What to do —
Would you transcribe all of the data exactly, down to the last character?

═════ Supplied data

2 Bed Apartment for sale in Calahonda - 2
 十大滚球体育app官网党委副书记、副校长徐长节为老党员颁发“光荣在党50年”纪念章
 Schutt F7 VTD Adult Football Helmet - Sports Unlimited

══════════

Your response —
2 Bed Apartment for sale in Calahonda - 2
 十大滚球体育app官网党委副书记、副校长徐长节为老党员颁发“光荣在党50年”纪念章
 Schutt F7 VTD Adult Football Helmet - Sports Unlimited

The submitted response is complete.